The wife had a sincere question, and asked her husband. She stood, arms crossed, finger on her chin, frowning at the vanity in question.
Since I have been researching and looking at vanities and fixtures for the past two weeks myself, I knew the answer to her question. I excused myself for overhearing her. I gave them a quick, cordial response. Including the answer. They were both so pleased! And, they thanked me. The husband followed up with several other questions, and we had a brief, entertaining conversation. (I also admired their toddler. Adorable!)

If I hadn’t been searching for (and learning about) bathroom fixtures recently, I wouldn’t have known about the answer to this woman’s question. Sure, I suspect she and her husband could have waited for the store clerk to come along, but then we never would have fallen into such a pleasant conversation.

This is another instance of my being helpful. Not intentionally helpful, I don’t think. I mean, I did not go over the possibilities step-by-step in my brain ahead of time. But my intuition was urging me to go up to this woman. So, I did. As this urge, this feeling happened, I reacted. And went, and opened my mouth. Now sometimes, I just end up putting my foot in my mouth! Not this time, though.

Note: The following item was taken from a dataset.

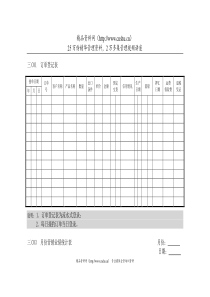 营销管理C横表格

God, I think this was altruistic action. Kindness in motion. And I think You were pleased because I’m trying to put my kindness to work. I took the opportunity to tell people stuff. And I had a great conversation with them, too. I could have totally missed this chance. I’m glad I didn’t turn away, and I’m glad I listened to my intuition. Or, was it Your Holy Spirit giving me a nudge? I wonder.